- Collected material
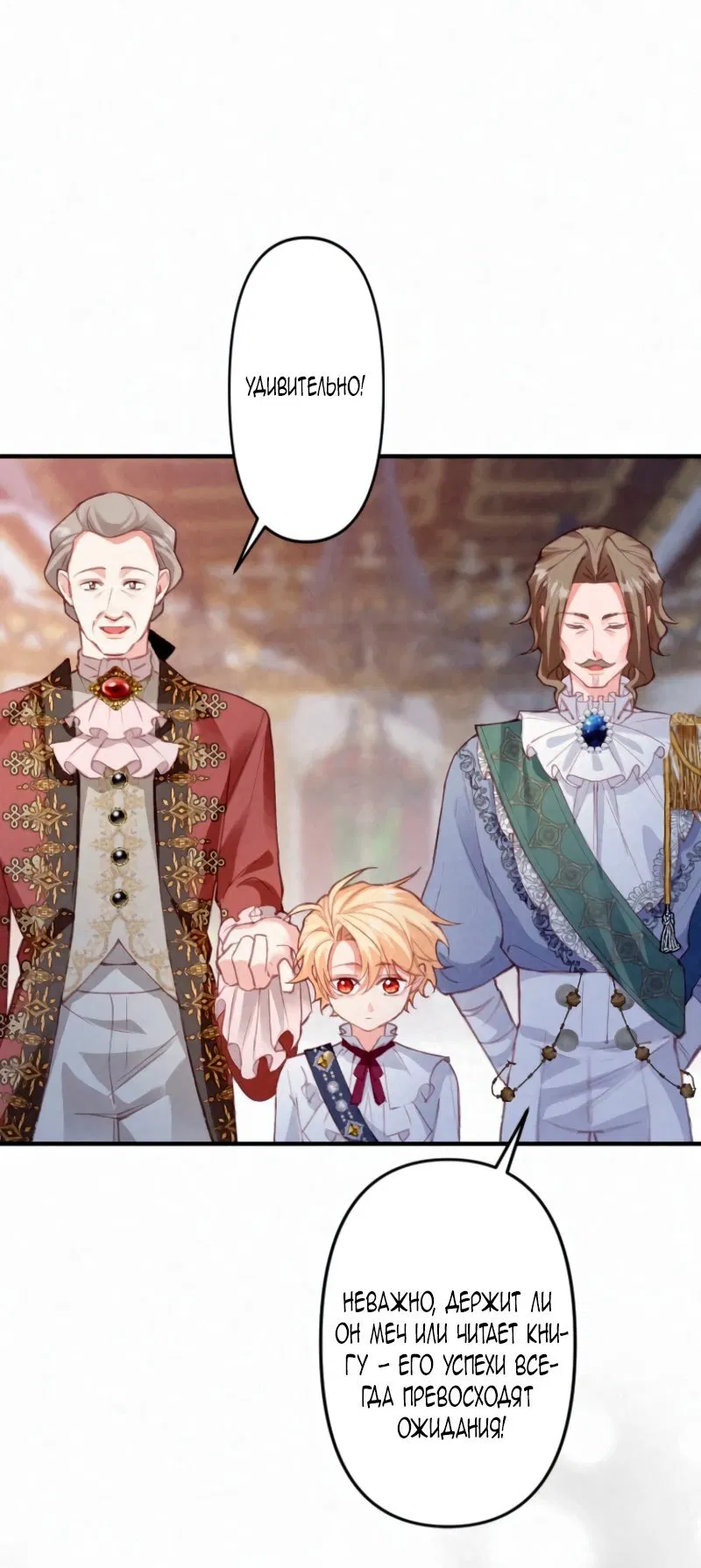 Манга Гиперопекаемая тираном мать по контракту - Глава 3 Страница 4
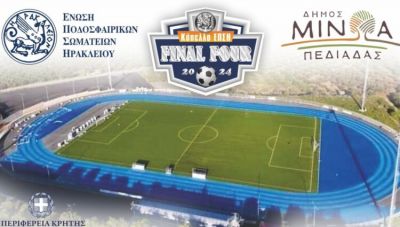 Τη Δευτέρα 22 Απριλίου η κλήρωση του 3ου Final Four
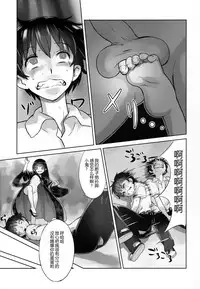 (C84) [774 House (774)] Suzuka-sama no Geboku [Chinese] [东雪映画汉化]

- The problem
No picture is to be included when the lines from the one containing "Τη Δευτέρα 22" through the end of the material above are output exactly; nothing else is written.

- Worked solution
 Τη Δευτέρα 22 Απριλίου η κλήρωση του 3ου Final Four
 (C84) [774 House (774)] Suzuka-sama no Geboku [Chinese] [东雪映画汉化]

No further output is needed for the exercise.